Les indemnités pour licenciement abusif seront imposées lors de l'exercice où l'accord devient définitif
La détermination de l'exercice fiscal au cours duquel une indemnité pour licenciement doit être déclarée constitue un point critique pour le respect correct des obligations fiscales des travailleurs. Récemment, la Direction Générale des Tributs (DGT) a précisé le moment exact où ce revenu doit être imputé à l'Impôt sur le Revenu des Personnes Physiques (IRPF).
Ce qu'a résolu la DGT
La consultation porte sur l'imputation temporelle d'une indemnité pour licenciement abusif qui est reconnue et versée à un moment donné. Le critère établit que l'imputation doit être effectuée lors de la période d'imposition au cours de laquelle le droit à la perception de ladite somme devient définitif, que ce soit par résolution judiciaire ou par accord transactionnel.
Concernant le traitement fiscal du montant, la réglementation en vigueur prévoit que l'indemnité pour licenciement abusif est exonérée jusqu'à la limite du montant établi par le Statut des Travailleurs ou 180 000 euros, en appliquant toujours le chiffre le plus bas. Tout excédent au-delà de ces limites sera imposé comme revenu du travail. De même, il est rappelé qu'une réduction de 30 % peut être appliquée si la période de génération dudit revenu est supérieure à deux ans.

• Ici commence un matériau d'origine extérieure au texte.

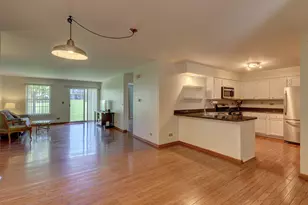 25 Coolidge Ct, Streamwood, IL 60107 - Photo 3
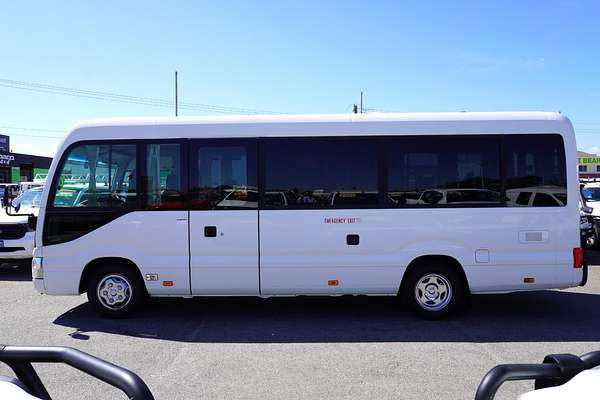 2018 Toyota Coaster Deluxe XZB70R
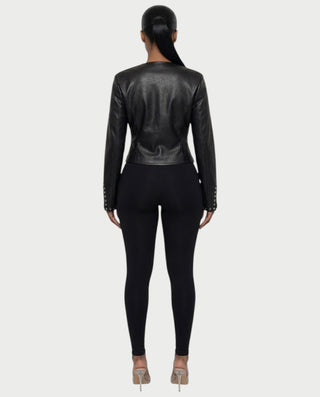 Chaleco corto con hebilla frontal de piel sintética QUELLA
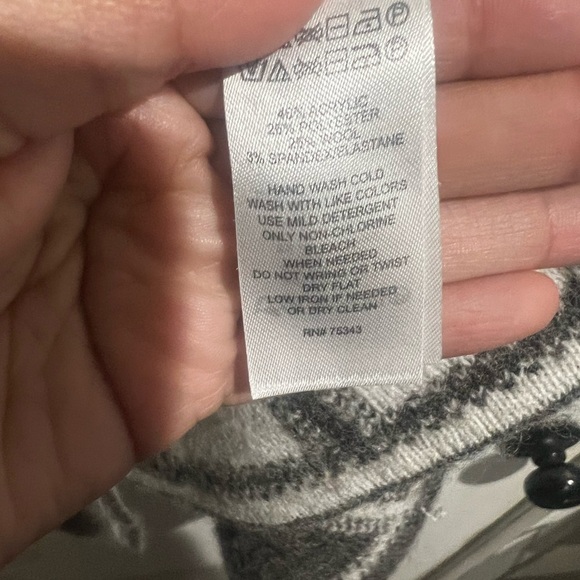 Ellen Tracy Gray and White Cowl Neck Sweater with Turtleneck - Picture 5 of 8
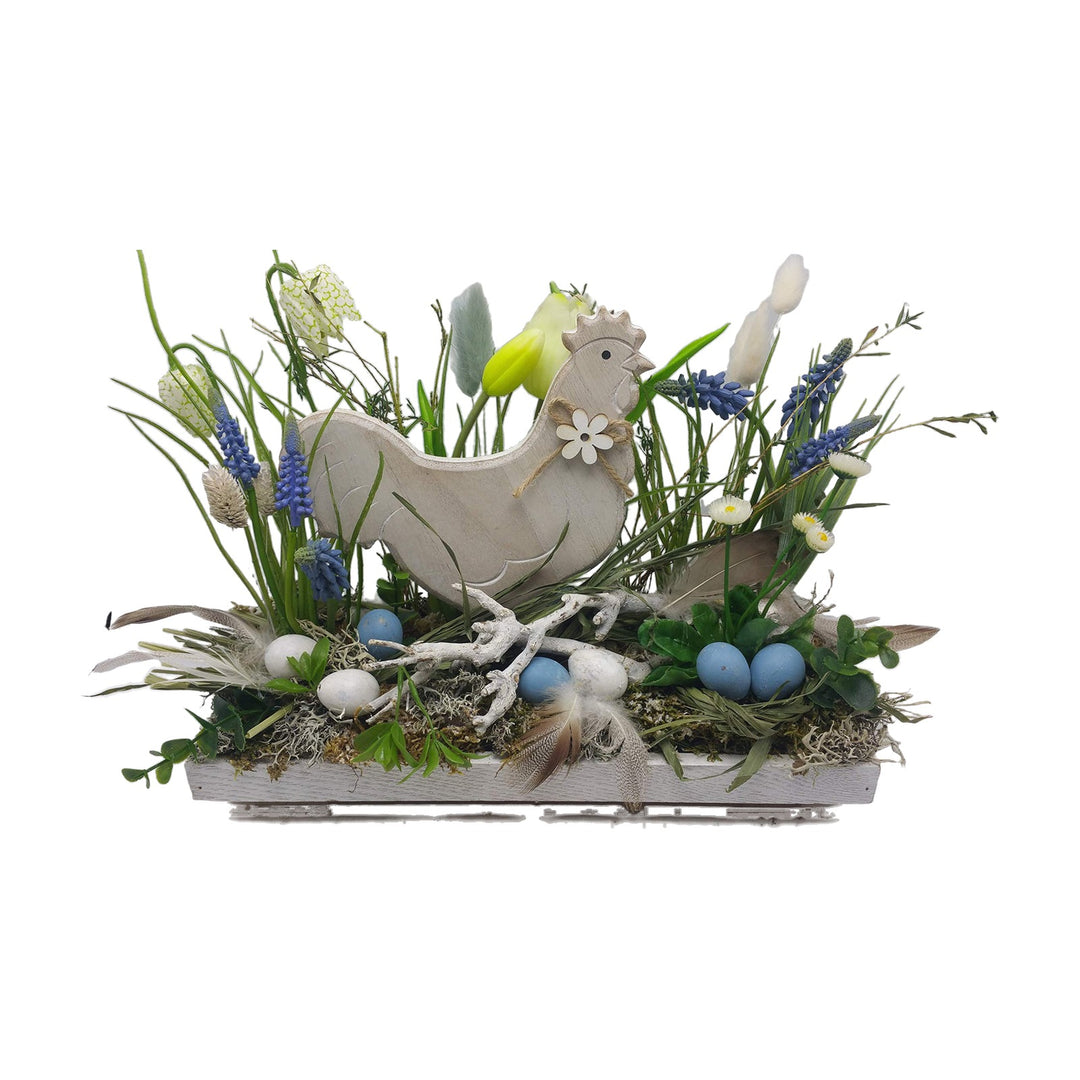 Freigestellt Seidenblumengesteck Ostern Hahn Eier Tulpen Traubenhyazinthen blau weiß
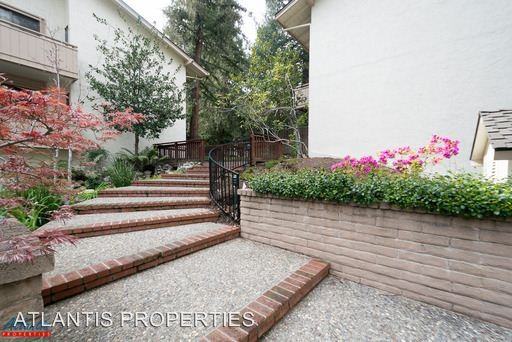 20700 4th St #8 - Photo 3 of 27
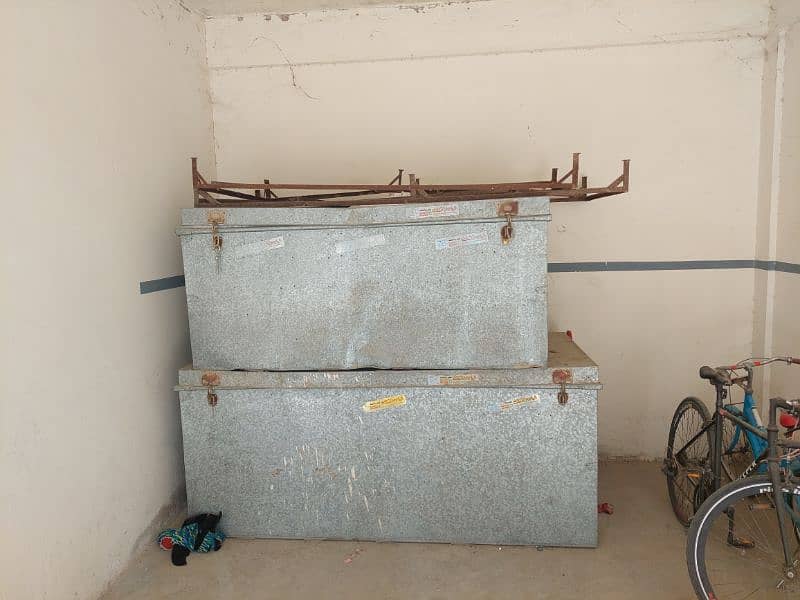 steel trunk 1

Ce que cela signifie pour vous
Pour le travailleur, ce critère élimine l'ambiguïté sur la nécessité de déclarer l'indemnité l'année où l'argent est perçu ou l'année où le licenciement a lieu. La clé réside dans le caractère définitif du droit. Si l'indemnité provient d'une procédure judiciaire ou d'un accord, l'exercice fiscal applicable sera celui au cours duquel ledit droit est légalement consolidé.
Cet aspect est fondamental pour éviter des erreurs dans la déclaration de revenus, en particulier lorsque les paiements interviennent lors d'exercices différents de celui de la résolution du conflit de travail.
Ce qu'il convient de faire
Il est nécessaire d'analyser la date exacte à laquelle l'accord ou la sentence judiciaire deviennent définitifs afin de déterminer le bon exercice fiscal. Il convient de vérifier le montant exonéré selon le Statut des Travailleurs pour calculer correctement la part qui sera imposée comme revenu du travail et de vérifier si les conditions pour la réduction de 30 % pour des périodes de génération supérieures à deux ans sont remplies. Chaque situation de licenciement et sa résolution ultérieure doivent être évaluées de manière individualisée.
Questions fréquentes
- Quelle est la limite d'exonération pour l'indemnité de licenciement ?
- La limite est le montant établi par le Statut des Travailleurs ou 180 000 euros, le montant le plus bas étant retenu.
- Quand l'indemnité doit-elle être déclarée dans l'IRPF ?
- Lors de la période d'imposition au cours de laquelle le droit à la perception devient définitif par résolution judiciaire ou par accord.